İbadetle ilgili meselelerde asıl olan, hüküm konusunda mevcut olanlara yeni bir şey eklememektir. Yani Allah ve Resulü tarafından bizlere bildirilen farz ve nafile ibadetlerle, olduğu gibi yetinmek vaciptir. Aksi ise bidattir. Zira muamelelerde olduğu gibi ibadetle ilgili konularda da mübahlık söz konusu olamaz. Eğer öyle olsaydı her fert kendine göre bir ibadet şekli ortaya çıkaracaktı. İbnu Kayyîm ibadet ve muamelelerin bu konudaki farklılığını şu şekilde izah ediyor: İbadet Allah`ın hakkıdır. Ancak onun razı olacağı şekilde kabul görür. Allah (cc), Resulü vasıtasıyla ibadetlerle ilgili nasıl bir keyfiyet belirlemişse ona göre hareket etmek gerekir. Muamelelerde ise bu durum söz konusu değildir. (İ`lamul Muvakkiîn 3/107)

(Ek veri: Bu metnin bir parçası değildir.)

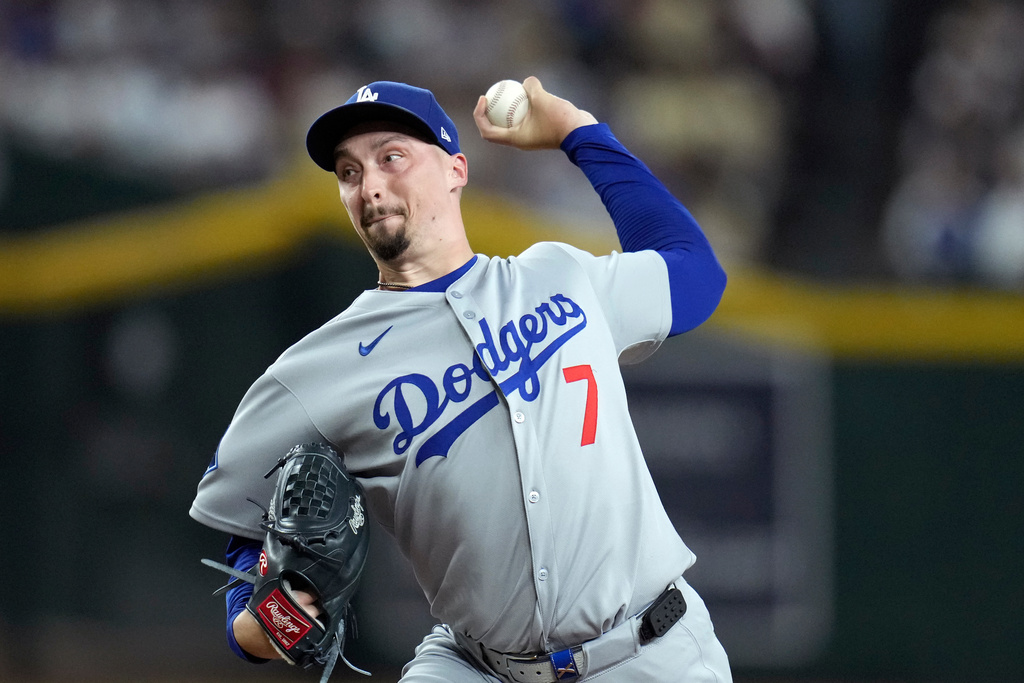 Los Angeles Dodgers starting pitcher Blake Snell throws against the Arizona Diamondbacks during the first inning of a baseball game Wednesday, Sept. 24, 2025, in Phoenix. (AP Photo/Ross D. Franklin)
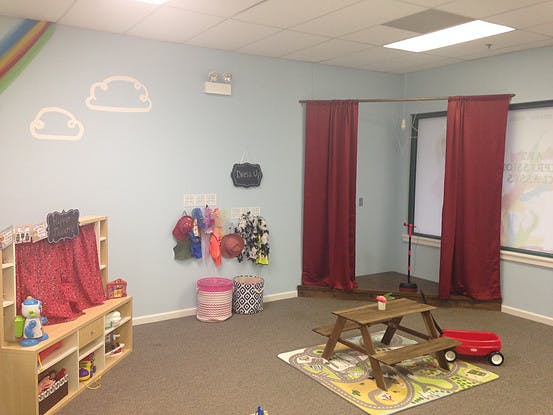 Children's play area with a puppet stage, toy picnic table, and red wagon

Allah (cc) yeryüzünü kullarına musahhar kılmış, helal ve haramları açıklamış, geriye kalanına ise bizlere olan rahmetinden dolayı sessiz kalmıştır. Ticaretle ilgili ölçüyü ise bizlere şu şekilde izah etmiştir: Ey iman edenler! Mallarınızı aranızda batıl yollarla yemeyin. Ancak karşılıklı rıza ile yapılan ticaretle olursa başka… (Nisa 29) Faiz hariç kullar arasında cereyan eden anlaşmazlıkların büyük çoğunluğu çeşitli sebeplerden dolayı aralarında rızanın olmayışına sebep olan meselelerden kaynaklanmaktadır. Zira faiz bazen taraflar arasında rızayla da olabiliyor. Öyleyse rıza varsa, şeriat da nehyiyle ilgili herhangi bir görüş beyan etmemişse söz konusu bu muamelenin helallik üzere kalması daha evladır. Allah (cc) yeryüzünü bütün nimetleriyle bizlerin emri altın vermişse, bizler de bu nimetlerden istifade etmeliyiz. Aksi; Allah`ın helal kıldığını haram, haram kıldığını ise helal kılmak demektir. Söz konusu bu durum müşriklerin, kendilerine helal kılındığı halde bazı hayvanları haram kılmalarıyla eşdeğerdir. “Kendi zanlarınca dediler ki: "Bu hayvanlar ve ekinler dokunulmazdır. Onları bizim dilediklerimiz dışında başkası yiyemez. (Şu) Hayvanların da sırtları haram kılınmıştır…" (En`am 13) Kuran`ı Kerim`de ana teması “Allah`ın helal kıldığını haram kılma” olan ayetler oldukça fazladır.
Muamelelerde asıl olan helallikken ilim eksikliğinden dolayı yapılan yanlış kıyaslar neticesinde helal olan bir takım ticari meselelere haram veya caiz değil şeklinde fetvalar vermek kullara yapılan en büyük zulümlerden biridir. Şüpheli şeylerden kaçınmak iyidir. Fakat şüphe ilim eksikliğinden dolayı kaynaklanıyorsa, bu şüphe değil cehalettir. Mana itibariyle sahih olan fakat sened bakımından sıhhatiyle ilgili farklı görüşlerin beyan edildiği “Fetva vermeye en cüretli olanınız, ateşe girmeye en cüretli olanınızdır. (Dârimî) hadisi bilgisiz bir şekilde bir şeyin helal olduğuna fetva verenler için değil aynı şekilde haram olduğuna dair fetva verenler için de geçerlidir.